* [Assignment]:
Look below for the line with "this 952×1270 image."; begin the copy there and stop after the line with "this 739×415 image.", keeping the text exact and the pictures out.

↓

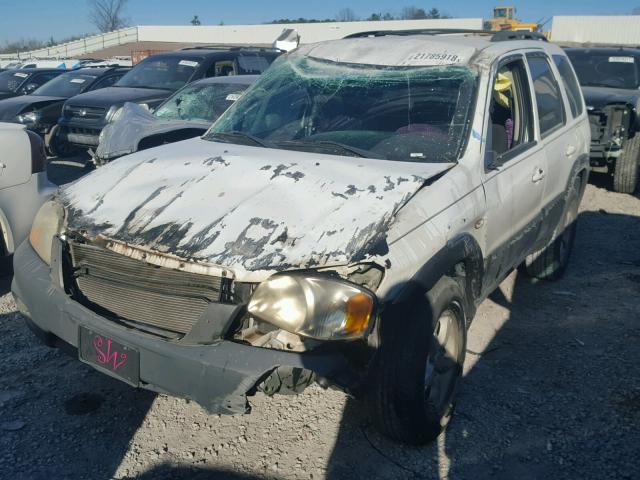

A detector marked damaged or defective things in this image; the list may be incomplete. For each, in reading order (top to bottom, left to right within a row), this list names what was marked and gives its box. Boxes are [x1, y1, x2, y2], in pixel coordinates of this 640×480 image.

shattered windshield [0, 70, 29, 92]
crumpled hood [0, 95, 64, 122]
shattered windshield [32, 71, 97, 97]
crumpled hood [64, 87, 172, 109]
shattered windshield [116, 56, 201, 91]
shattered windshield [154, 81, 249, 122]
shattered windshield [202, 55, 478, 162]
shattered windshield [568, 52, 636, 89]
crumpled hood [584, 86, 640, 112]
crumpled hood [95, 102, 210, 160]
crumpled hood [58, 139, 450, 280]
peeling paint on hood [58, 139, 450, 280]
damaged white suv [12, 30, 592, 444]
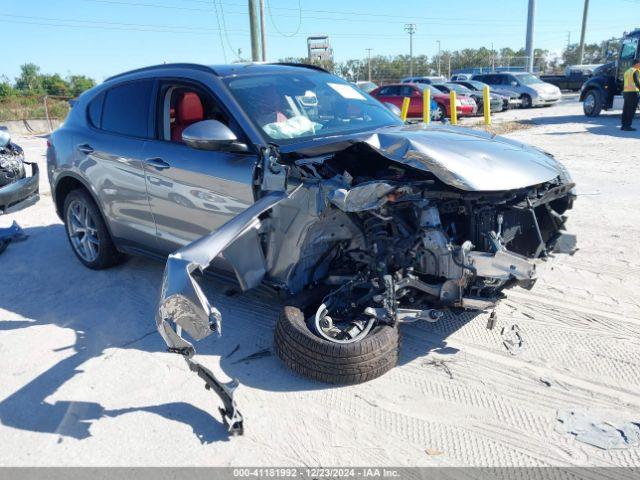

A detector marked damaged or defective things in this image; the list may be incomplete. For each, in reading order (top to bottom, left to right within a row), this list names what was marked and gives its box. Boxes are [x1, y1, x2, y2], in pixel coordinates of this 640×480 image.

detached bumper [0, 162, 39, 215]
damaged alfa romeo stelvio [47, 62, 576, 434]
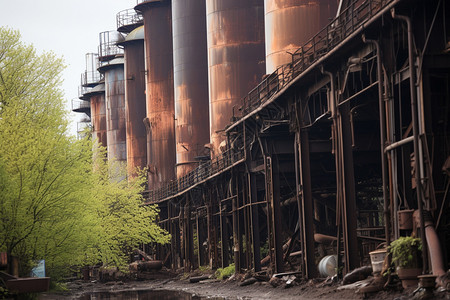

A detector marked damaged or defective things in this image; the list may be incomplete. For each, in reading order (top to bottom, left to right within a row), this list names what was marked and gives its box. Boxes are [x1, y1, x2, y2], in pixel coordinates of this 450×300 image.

↑
↓

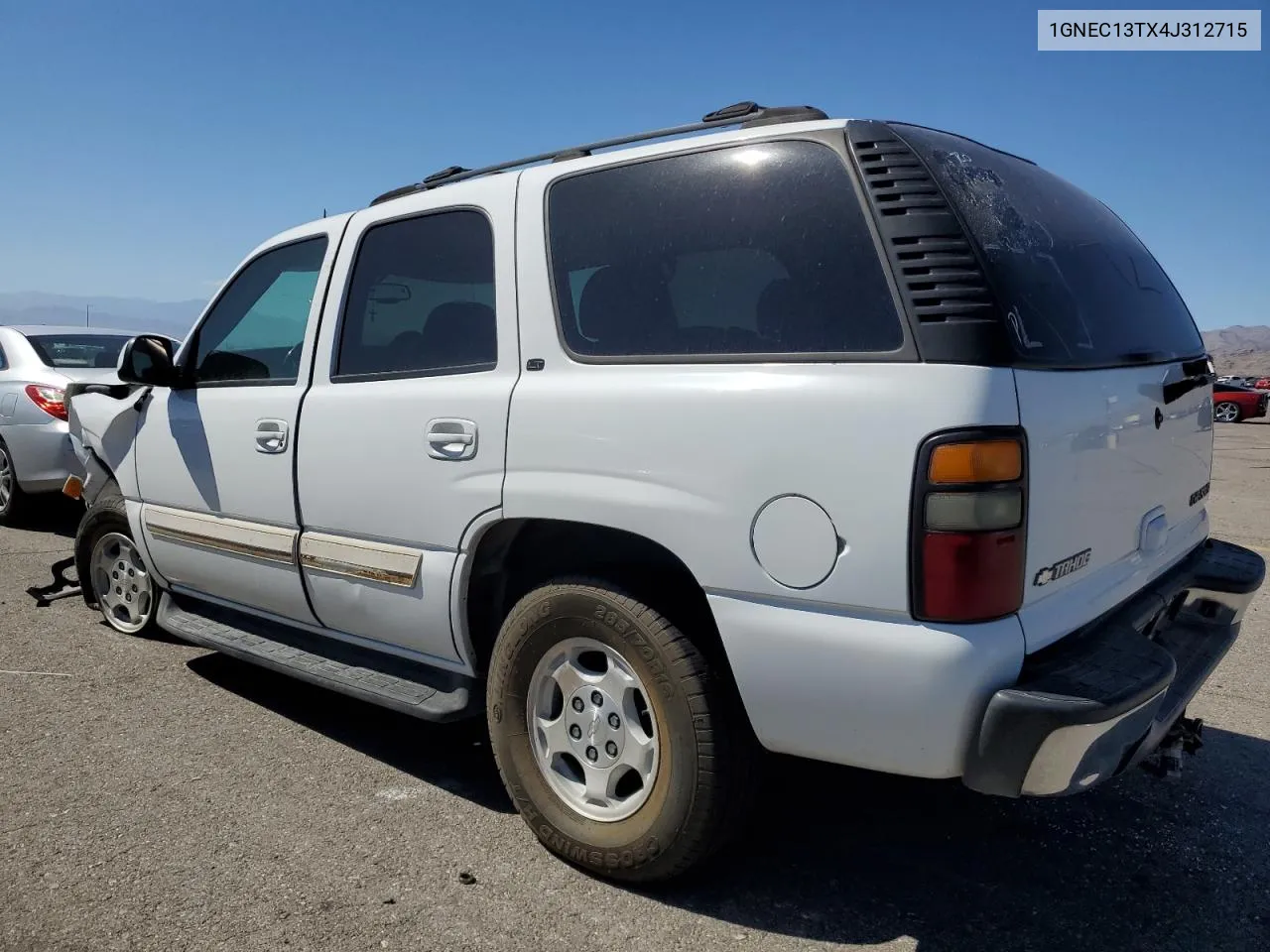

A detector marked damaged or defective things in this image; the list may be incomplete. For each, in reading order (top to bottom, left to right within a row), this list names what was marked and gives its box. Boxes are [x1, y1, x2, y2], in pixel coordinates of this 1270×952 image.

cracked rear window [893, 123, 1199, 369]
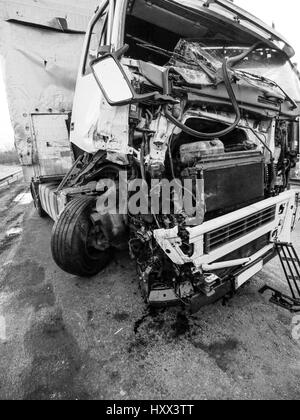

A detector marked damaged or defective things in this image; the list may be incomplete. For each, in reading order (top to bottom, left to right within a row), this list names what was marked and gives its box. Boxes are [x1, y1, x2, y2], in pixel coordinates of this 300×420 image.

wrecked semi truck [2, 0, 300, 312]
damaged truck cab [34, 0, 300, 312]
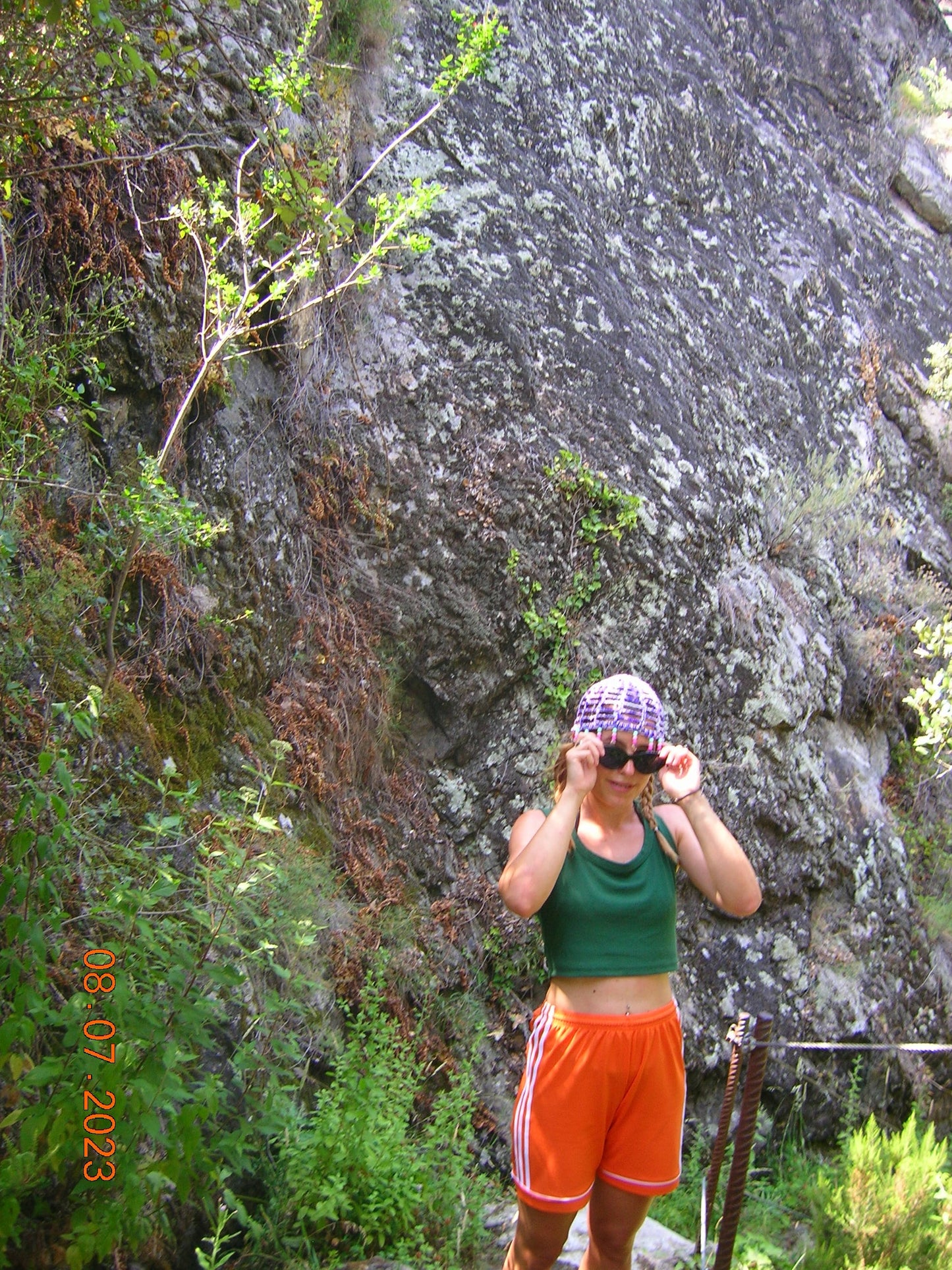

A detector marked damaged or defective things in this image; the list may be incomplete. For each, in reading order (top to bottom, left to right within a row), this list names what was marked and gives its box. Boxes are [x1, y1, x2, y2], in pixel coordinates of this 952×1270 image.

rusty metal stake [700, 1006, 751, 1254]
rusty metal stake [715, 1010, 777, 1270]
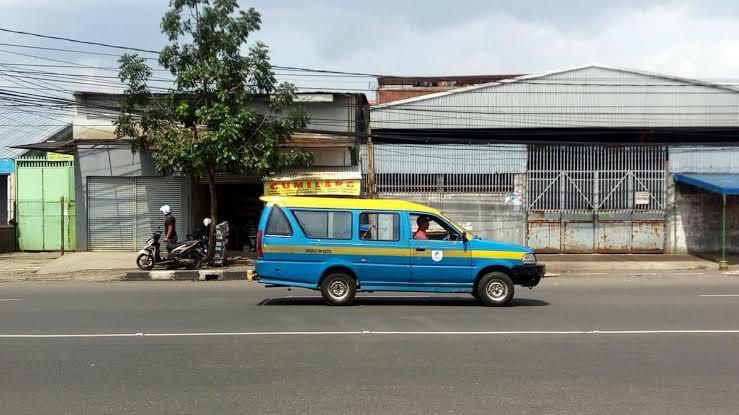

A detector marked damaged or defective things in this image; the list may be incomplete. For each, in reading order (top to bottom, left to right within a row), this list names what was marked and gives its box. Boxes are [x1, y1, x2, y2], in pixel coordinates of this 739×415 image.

↑

* [Answer to this problem]:
A detector marked damaged or defective things in this image; the list may be incomplete. For each, in reading order (top to bottom, left to right within a row), this list names what was marked and gives its box. Boxes are [x1, y1, x2, y2], in pixel coordinates of this 952×1270 image.

rusty metal stake [700, 1006, 751, 1254]
rusty metal stake [715, 1010, 777, 1270]

A detector marked damaged or defective things in this image; the list may be incomplete. For each, in reading order (top to bottom, left to right within a row), this list names what was marked and gives its box. Boxes are [x1, y1, x2, y2], in pixel coordinates of this 739×415 image.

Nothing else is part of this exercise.